Teotónio Pereira é um puro. Um homem de causas e ideais, que viveu num tempo que permitia essas causas e ideais. Isso reflecte-se na sua obra. O seu atelier, o famoso atelier da Rua da Alegria, sempre foi uma coisa colectiva, sabendo ir beber da experiência e contribuição de todos os que por lá passaram (em especial Bartolomeu Costa Cabral, Nuno Portas e, mais recentemente, Pedro Botelho). É um percurso marcado pelas intervenções sociais e religiosas. Betão à vista, madeira, 45º, baixos relevos, intervenções artísticas de convidados, um grande sentido comunitário. A sua obra não é "bonita", no sentido de uma estética de imagem. Nunca se rendeu ao facilitismo da retórica, do reconhecimento público, do nome. É um resistente, um lutador calmo e sereno. Basta entrar na Igreja do Sagrado Coração de Jesus, em Lisboa, para imediatamente se perceber como encarou Teotónio a arquitectura.

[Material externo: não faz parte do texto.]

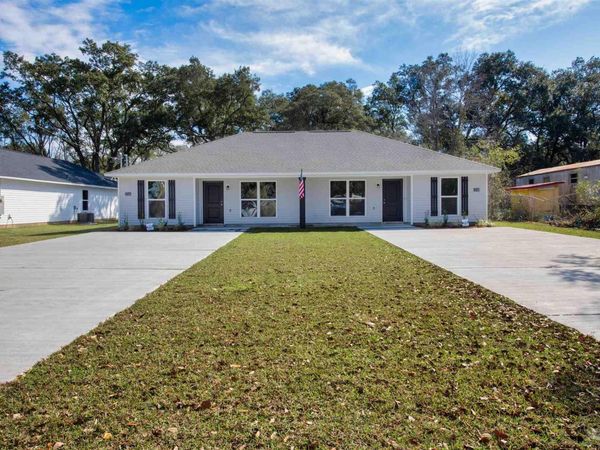 7251 Bogey Ln, Milton, FL 32570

Carrilho da Graça representa o arquétipo que muitos têm de um
arquitecto. Eu não gosto dele. Da pessoa. Mas reconheço que não o conheço. Ainda assim, Carrilho da Graça é um meticuloso gestor da sua imagem. E não falo só do que veste e calça (que chama sempre a atenção). Falo do que diz, como diz, quando diz. É arrogante, distante, frio. É uma estrela. Ao contrário de Teotónio Pereira, o seu percurso é fortemente individual (no que respeita ao modo de trabalhar). É também um virtuoso do espaço. Se pode haver poesia na matéria construída, ela está presente na obra de Carrilho da Graça. A interpretação que faz dos sítios, do programa, da linguagem moderna, resulta quase sempre em lugares de silêncio e contemplação, mas interpelativos e actuantes, não demissionários. Ao contrário de Teotónio Pereira, as suas obras brilham nas páginas de revista. Pedem para ser fotografadas e mostram claramente como devem ser fotografadas. A obra de Carrilho assume sem rodeios essa atitude.
Estes dois homens podem simbolizar apenas duas gerações diferentes, e simbolizam-no claramente. Mas há mais. Personificam duas grandes áreas de actuação da arquitectura: o campo social e humano; e o campo artístico e conceptual. Não digo que são exclusivos, mas normalmente é isso que acontece. Interessante é perceber que isso se reflecte (ou nasce) na postura pessoal do arquitecto, na sua imagem, no seu tratamento na imprensa.
Irei ver com prazer a exposição de Nuno Teotónio Pereira. Ver e aprender, porque homens destes começam a escassear (lembro a morte recente de Vítor Figueiredo, por exemplo). Daqui a uns anos veremos onde chegou esta outra geração, a de Carrilho da Graça. Mas duvido que ocupem tantas páginas na história da arquitectura em Portugal. Duvido.